The listing below contains a span that opens with the line containing "Table Of Content" and closes with the line containing "[AME]Business of Otolaryngology". Return that span exactly.

> **Data for this exercise**:
Content starts
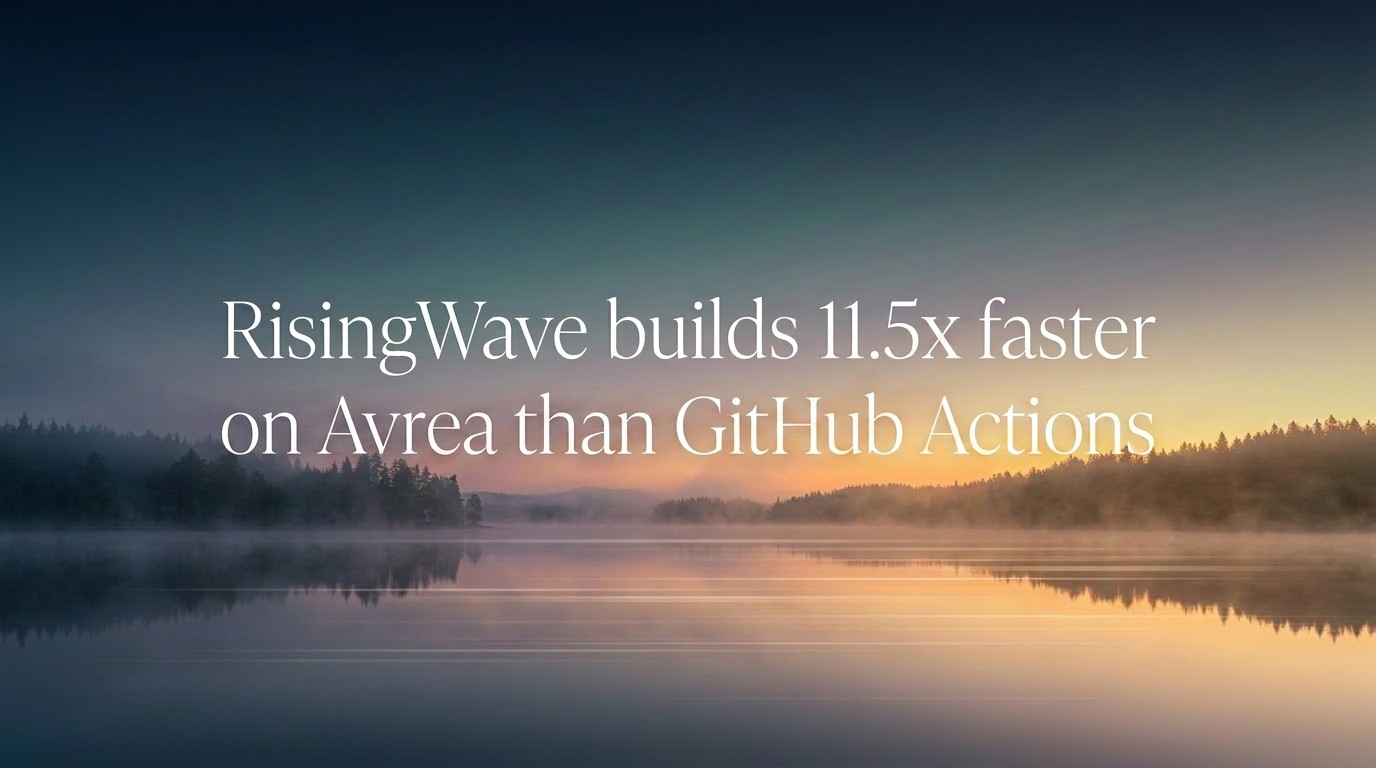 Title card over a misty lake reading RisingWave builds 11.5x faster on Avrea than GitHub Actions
Content ends
Content starts
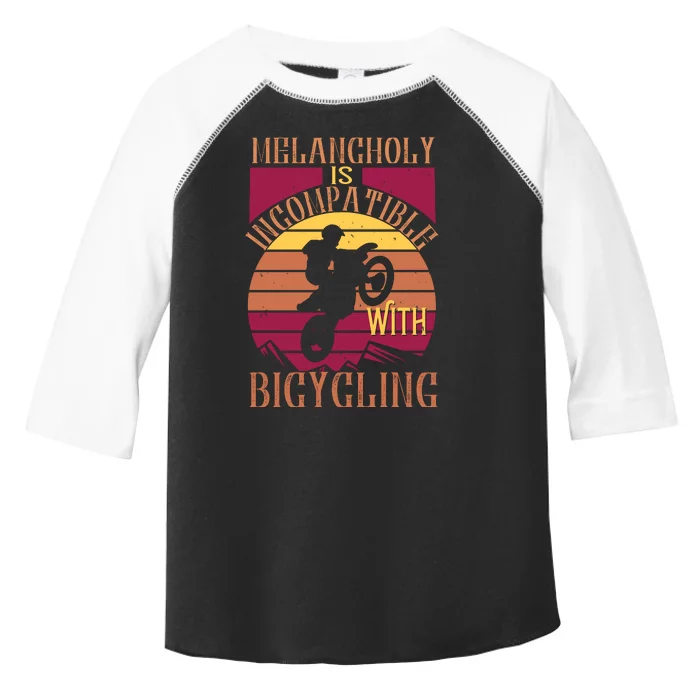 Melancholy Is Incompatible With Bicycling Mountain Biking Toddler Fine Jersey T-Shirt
Content ends
Content starts
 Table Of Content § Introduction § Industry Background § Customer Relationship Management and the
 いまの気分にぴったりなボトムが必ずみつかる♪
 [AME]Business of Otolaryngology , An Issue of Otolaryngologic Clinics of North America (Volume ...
Content ends
> **Exercise answer**:
 Table Of Content § Introduction § Industry Background § Customer Relationship Management and the
 いまの気分にぴったりなボトムが必ずみつかる♪
 [AME]Business of Otolaryngology , An Issue of Otolaryngologic Clinics of North America (Volume ...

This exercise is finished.